全脳組織開発帳

企業で人と組織の力を引き出す仕事をする中で学んだこと、感じたこと

自責とは何か

※社内メールマガジンに書いた文章を修正したものです

課題や目標に対して「自責で考えろ、行動しろ」とよく言われます。この「自責」という言葉に重苦しい響きを感じていませんか?
実際、「責」は「責める」とも読めますし、「自責の念にかられる(= 自分で自分のあやまちを責める)」という言葉もあります。

「自責で〜」という時の「自責」は「自分の責任」ということですが、「責任」には2種類あるというのをご存じでしょうか。英語では明確に区別されています。

(1) Accountability: 生じた結果を引き受ける責任
状況・結果を報告する、結果によって評価される、賞罰を受ける

(2) Responsibility: これから何かをする責任
物事に対して主体的に考え、対処・行動していく

(1)は過去に、(2)は未来に対する責任と言ってもいいでしょう。

「自責で」と言われると、私たちはなんとなく(1)を想起しがちです。その意味での「自責」になろうとすると、その課題を自分が招いたと思わなければいけない、反省しなければいけない、という気持ちになってきます。そういえば、「責任を感じる」という言葉も(1)を前提としているようです。

でも多くの場合、課題や目標に対して本当に求められているのは、今、これから主体的に考えて行動することです。つまり「自責で」と言う時の「責任」は本来(2)の意味であるはず。過去よりも未来に目を向けて、「自分に何ができるか? 自分はどうしたらいいか?」と考え、自ら行動を起こしていくのが「自責」なのです。

結果を引き受けるのも大事なことではありますが、それにばかり気をとられていても、あるいは自分が引き起こしたわけでもないことに「責任」を感じようとがんばっていても、前に進むことはできません。

Responsibilityという単語は「response(反応する) + ability(能力)」、つまり物事に反応・応答する力ととらえることができます。
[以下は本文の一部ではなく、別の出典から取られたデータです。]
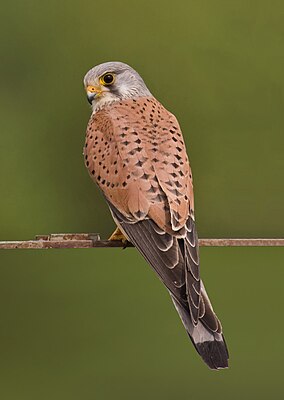 Türnfalk, mantje LC - least concern (ei trüüwet)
生じた課題や設定された目標に自分で反応・応答していくことが「自責」だとも言えるでしょう。これに対して「他の人が反応(対処)してくれればいいことだ」と考えて何もしないのが「他責」です。

「自責」という言葉を見かけたら、意識して未来に、これから自分がやることに目を向けてみましょう。

自信とプライド

ある人が社内の特定の人たちのことを評した言葉で印象に残っているものがある。

「あの人たちは『自信がなくてプライドがある』んですよね」

どんな人たちかはともかくとして、この表現になるほどと思ったし、なかなか深いと感じて、以来ずっと頭の中にある。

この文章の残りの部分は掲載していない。